MANHAJ
(Metode Berpikir [Studi]; Antara Klaim, Fakta dan Norma [Ideal].
By. Idrus Abidin.
__________________
__________________
Islam bukan sekedar membawa ajaran kebenaran di tingkat
petunjuk pada setiap detil kehidupan (Masa'il). Dari hati, lisan,
perbuatan; pribadi, keluarga, lingkungan sosial makro, hingga level
negara. Tapi, Islam juga menekankan metode atau manhaj yang tepat,
moderat, profesional dan proporsional (Wasa'il).

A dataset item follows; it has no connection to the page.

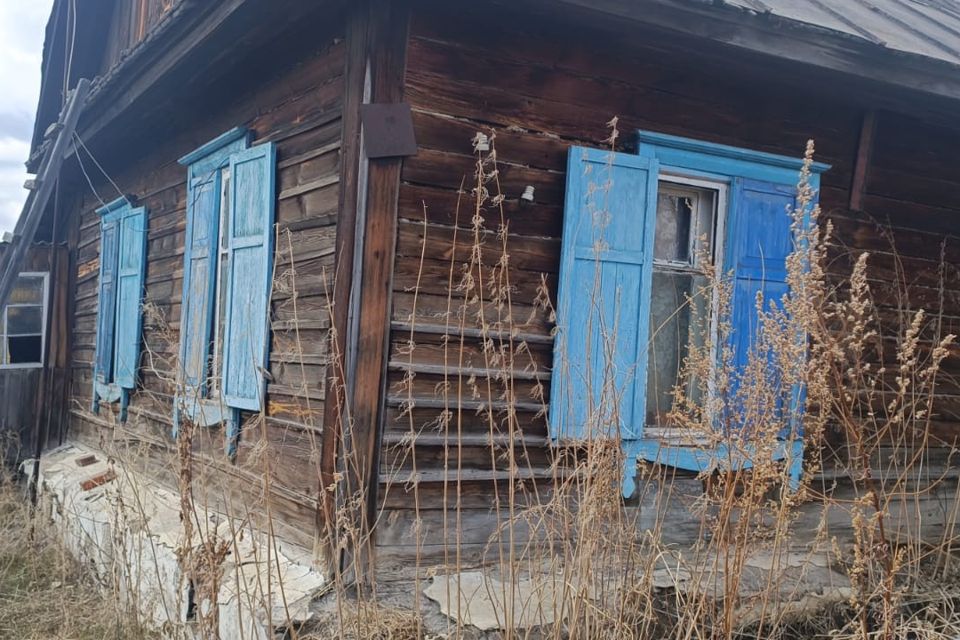 Купить дом дешево в Новосибирске в Новосибирской области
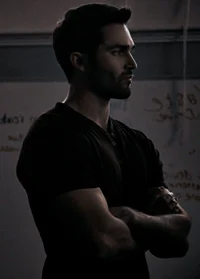 Derek Hale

Metode inilah yang
disebut manhaj, shirat, sunnah, thariqah, Fiqih dll. Yang mana,
substansinya adalah mengetahui dan mengamalkan sesuatu dengan cepat dan
tepat (ash-Shirat al-Mustaqim). Terutama dalam hal jalan menuju surga
dan terhindar dari neraka dengan cinta Allah (mahabbah). Itulah paket
visi misi (konsep dan praktek dunia akhirat) dalam keislaman kita.
Walaupun terkadang ada orang dan atau kelompok sudah benar secara
manhaj, tapi karena ekstrim dalam klaim kebenaran (truth claim) akhirnya
menyimpang juga. Kokohiyun kiri kanan terinfeksi penyakit ini
(Takabbur), walaupun belum tentu merasa dan tersadar telah tertipu oleh
perangkat lunak iblis ini (talbis iblis). Nadzubillah.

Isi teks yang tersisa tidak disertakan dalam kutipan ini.